信濃便り・弘前花筏篇

長野の友人が、弘前に赴任した親族から来た写メールを転送してきました。

弘前城の落花

かつては長野の友人と、私と、同い年の従妹の三婆で年に数回、集まってお喋りしました。最初に定年が来たのは長野の友人で、宮古島へ慰労旅行に行き、彼女はすっかり彼地が気に入って、観光大使に推薦しようかと冷やかすほどでした。

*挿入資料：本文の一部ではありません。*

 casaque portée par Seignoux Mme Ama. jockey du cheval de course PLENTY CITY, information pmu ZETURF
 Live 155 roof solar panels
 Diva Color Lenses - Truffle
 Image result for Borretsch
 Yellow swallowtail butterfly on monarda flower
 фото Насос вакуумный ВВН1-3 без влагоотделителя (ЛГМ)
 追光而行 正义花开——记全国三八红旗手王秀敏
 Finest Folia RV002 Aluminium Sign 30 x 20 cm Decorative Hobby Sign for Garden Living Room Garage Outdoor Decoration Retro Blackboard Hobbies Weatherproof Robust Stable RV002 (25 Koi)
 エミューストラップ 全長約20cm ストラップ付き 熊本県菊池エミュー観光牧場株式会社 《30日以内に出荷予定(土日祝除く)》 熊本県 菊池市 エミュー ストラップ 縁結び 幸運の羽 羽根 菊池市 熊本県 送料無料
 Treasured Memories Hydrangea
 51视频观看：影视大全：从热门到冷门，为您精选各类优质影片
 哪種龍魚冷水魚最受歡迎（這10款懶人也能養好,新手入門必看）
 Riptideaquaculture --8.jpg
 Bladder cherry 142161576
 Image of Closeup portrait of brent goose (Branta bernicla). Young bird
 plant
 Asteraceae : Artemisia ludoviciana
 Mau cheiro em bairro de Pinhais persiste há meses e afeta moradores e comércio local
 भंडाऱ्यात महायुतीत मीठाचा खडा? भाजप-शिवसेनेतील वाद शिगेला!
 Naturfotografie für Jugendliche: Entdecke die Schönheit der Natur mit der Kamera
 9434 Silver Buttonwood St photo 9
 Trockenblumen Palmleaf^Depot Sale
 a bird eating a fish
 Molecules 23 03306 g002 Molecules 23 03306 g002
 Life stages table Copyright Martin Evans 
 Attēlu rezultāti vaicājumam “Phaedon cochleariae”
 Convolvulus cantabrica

次に定年が来たのが私で、希望を容れて貰って北国の桜を見に行きました。新幹線の来る2年前の松前は文字通り「何も無い春」で、それがよかった。桜は咲き始め。旅行会社のお奨めで白神山地の裾を廻る展望列車に乗り、知り合いの内装職人が夫婦喧嘩で家出した時に行ってみた、という不老不死温泉に泊まりました。朝、床の中で岩燕の群の囀りを聞いた記憶が忘れられません。枝垂桜の角館はもう落花でした。それぞれ名所らしい桜でしたが、やはり圧巻は弘前城。満開でした。苦しかった在職時代を、天が嘉してくれたのだと思いました。

弘前城花筏

その次の定年旅行は従妹の番。秋の京都か春のハウステンボスに行きたいと言っていたのですが、腕利きの営業ウーマンだった彼女は定年がない。旅先でも絶えず、私たちから離れて顧客の電話を受けていました。とうとう、現役のまま癌が見つかり、あっという間に亡くなりました。病床で後輩たちに1人1人顧客を譲り、◯◯から言われて参りました、と言うんだよ、と教えていました。

さまざまのこと思ひ出す桜かなー彼女の引退旅行ができなかったことが心残りですが、ひとつ、思い当たることがあります。我が家の大島桜(実生の鉢植えです)が咲いたら花見の宴をやろうね、と話していたのですが、彼女の逝った年だけ咲きました。その前も後も咲きません。一緒に花見をしたんだと考えることにしています。